**Given entries**.
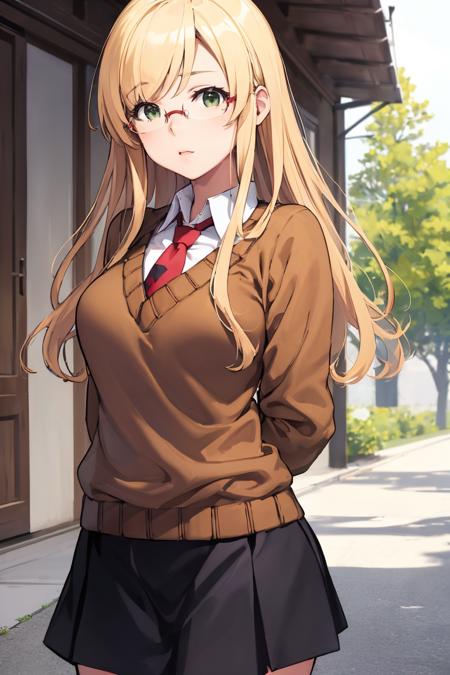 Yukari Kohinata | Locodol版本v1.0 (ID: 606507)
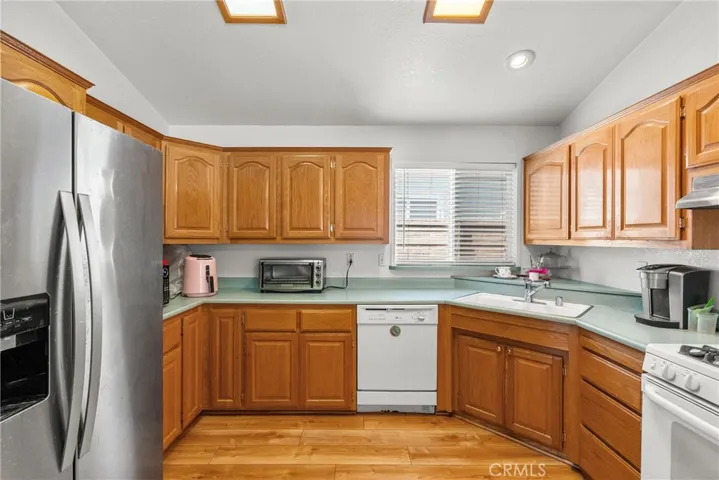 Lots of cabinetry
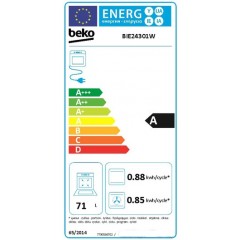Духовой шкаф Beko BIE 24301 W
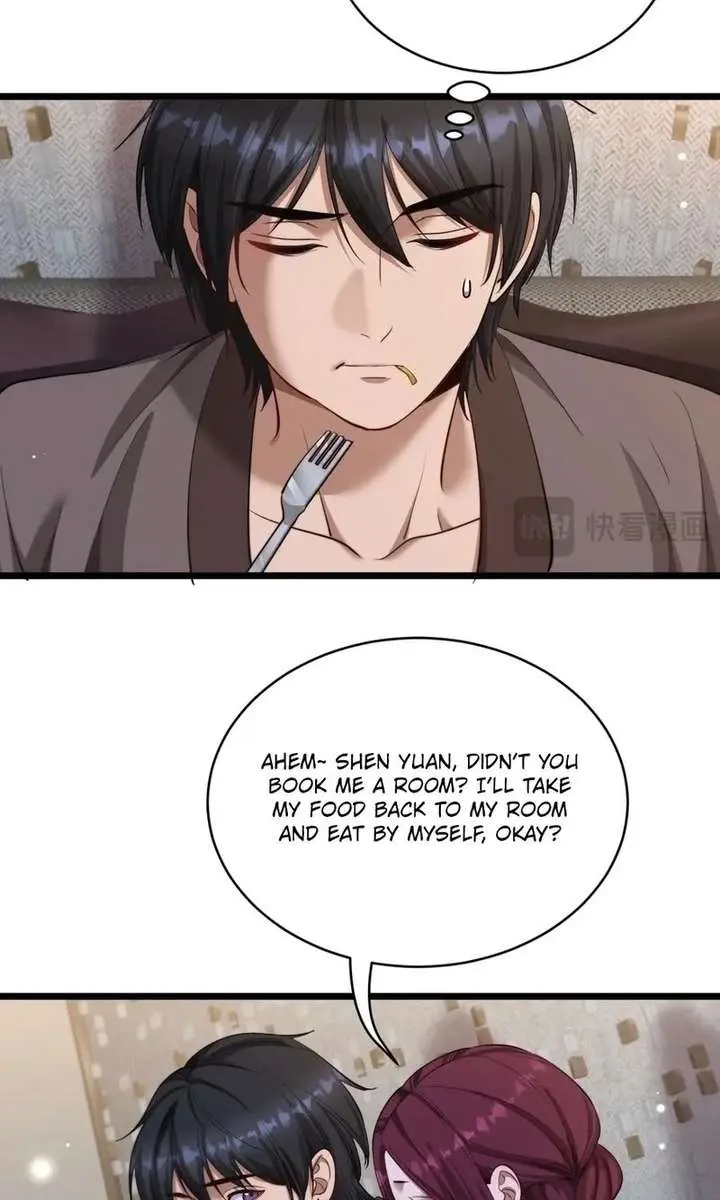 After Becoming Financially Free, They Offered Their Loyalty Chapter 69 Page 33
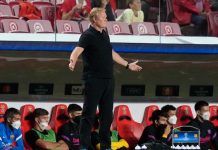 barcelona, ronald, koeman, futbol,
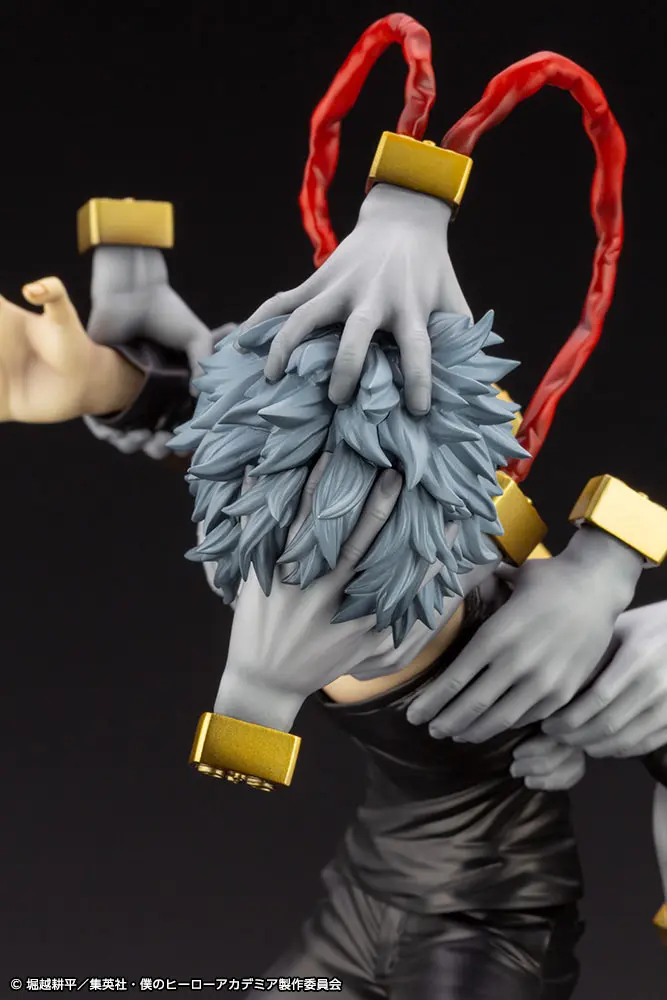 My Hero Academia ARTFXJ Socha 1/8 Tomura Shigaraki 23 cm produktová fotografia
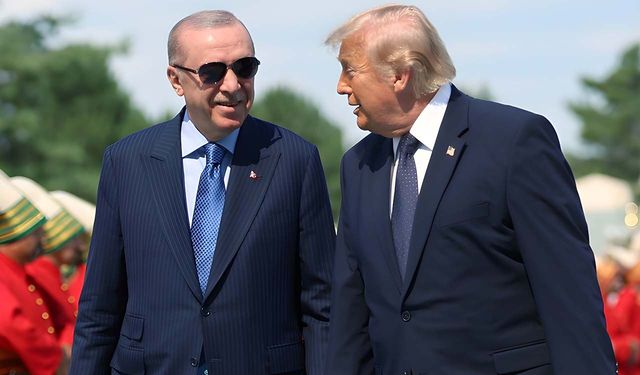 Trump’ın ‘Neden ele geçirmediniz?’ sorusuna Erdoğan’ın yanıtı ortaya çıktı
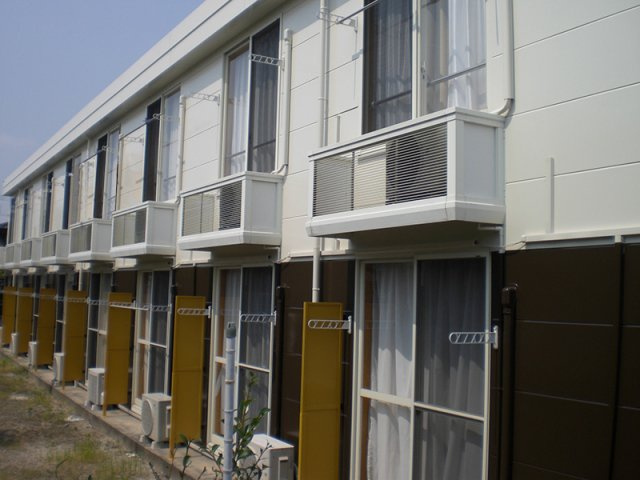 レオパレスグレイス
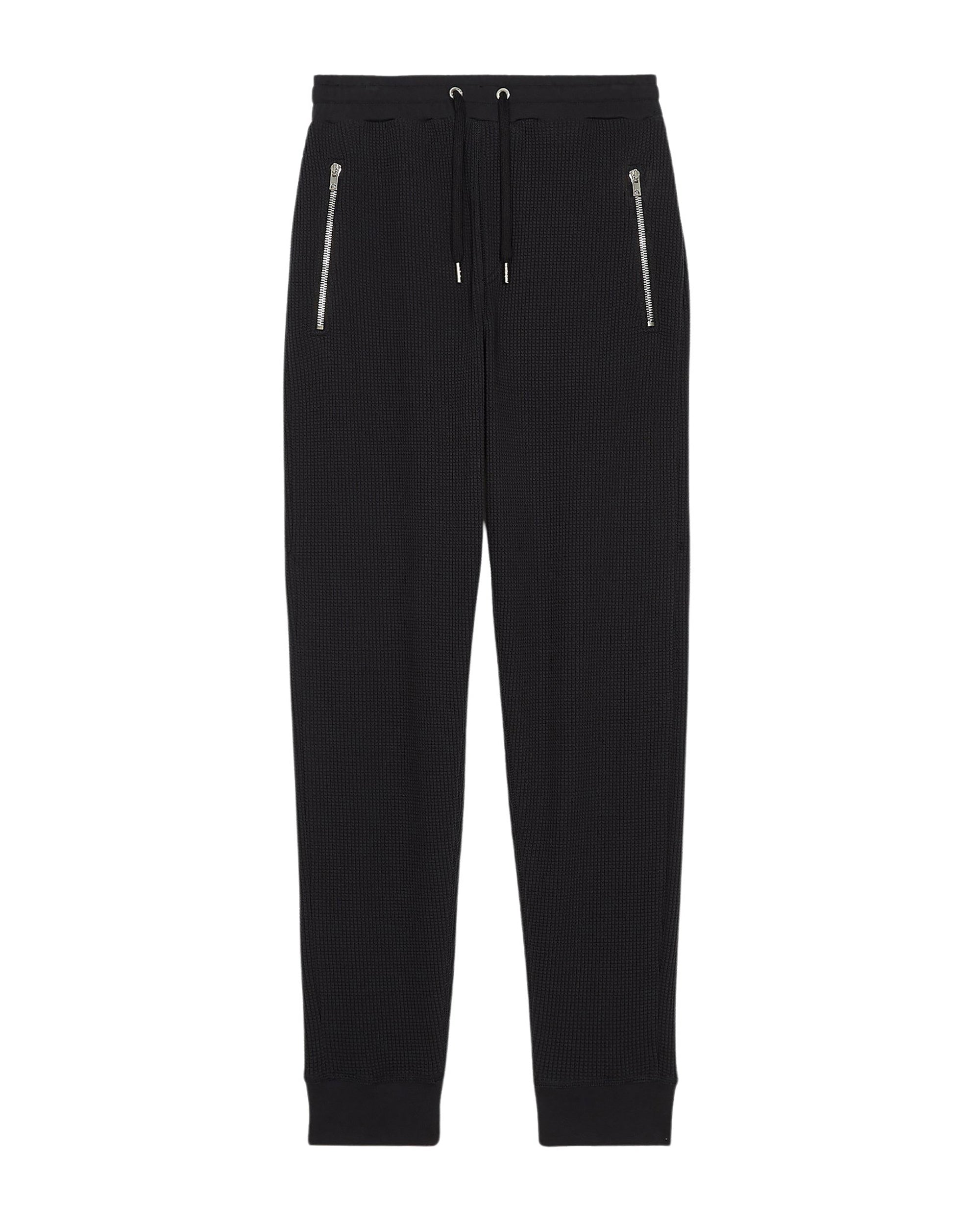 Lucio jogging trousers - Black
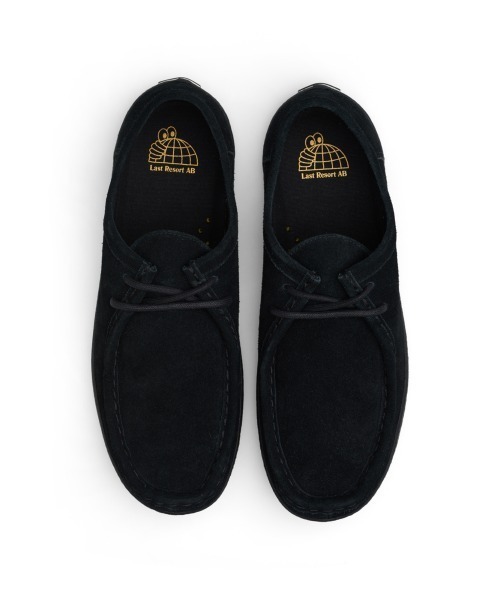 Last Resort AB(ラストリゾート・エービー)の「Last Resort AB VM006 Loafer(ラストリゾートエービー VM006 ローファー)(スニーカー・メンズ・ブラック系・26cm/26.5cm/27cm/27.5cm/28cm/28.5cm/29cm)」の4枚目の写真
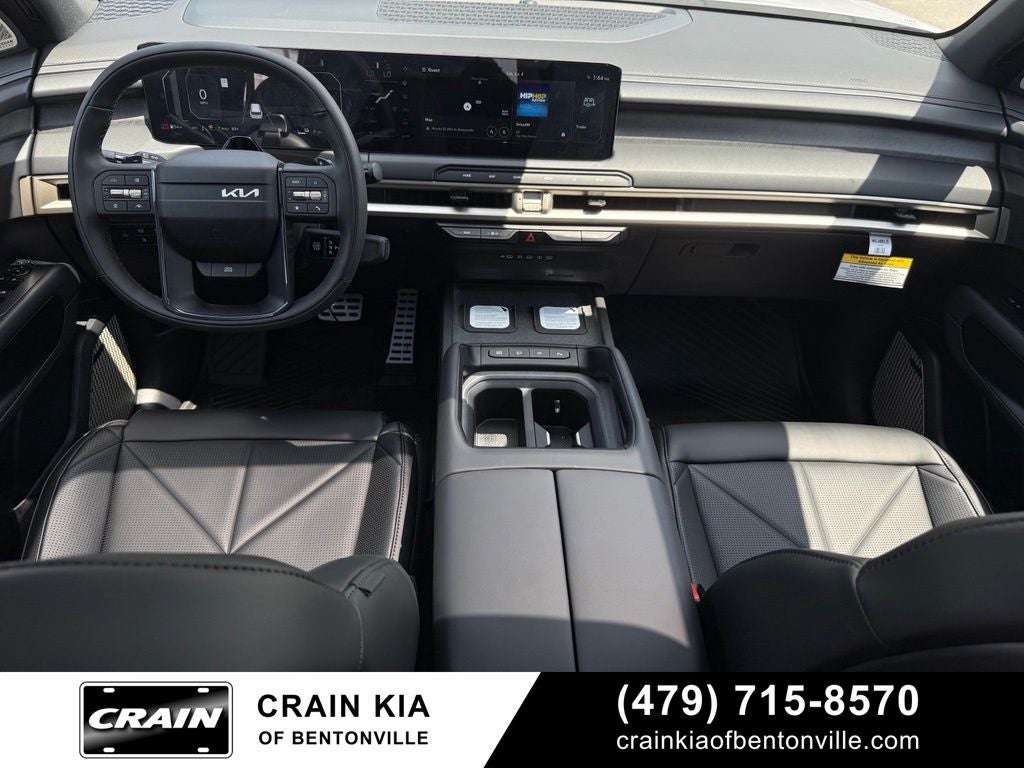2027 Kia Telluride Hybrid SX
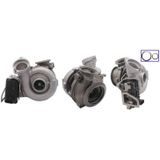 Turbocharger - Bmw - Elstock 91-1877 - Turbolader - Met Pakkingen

**Work request**. Quote verbatim every line starting at the line that contains "Lots of cabinetry" and ending with the last line of the records; omit all pictures.

**Response below**.
 Lots of cabinetry
Духовой шкаф Beko BIE 24301 W
 After Becoming Financially Free, They Offered Their Loyalty Chapter 69 Page 33
 barcelona, ronald, koeman, futbol,
 My Hero Academia ARTFXJ Socha 1/8 Tomura Shigaraki 23 cm produktová fotografia
 Trump’ın ‘Neden ele geçirmediniz?’ sorusuna Erdoğan’ın yanıtı ortaya çıktı
 レオパレスグレイス
 Lucio jogging trousers - Black
 Last Resort AB(ラストリゾート・エービー)の「Last Resort AB VM006 Loafer(ラストリゾートエービー VM006 ローファー)(スニーカー・メンズ・ブラック系・26cm/26.5cm/27cm/27.5cm/28cm/28.5cm/29cm)」の4枚目の写真
2027 Kia Telluride Hybrid SX
 Turbocharger - Bmw - Elstock 91-1877 - Turbolader - Met Pakkingen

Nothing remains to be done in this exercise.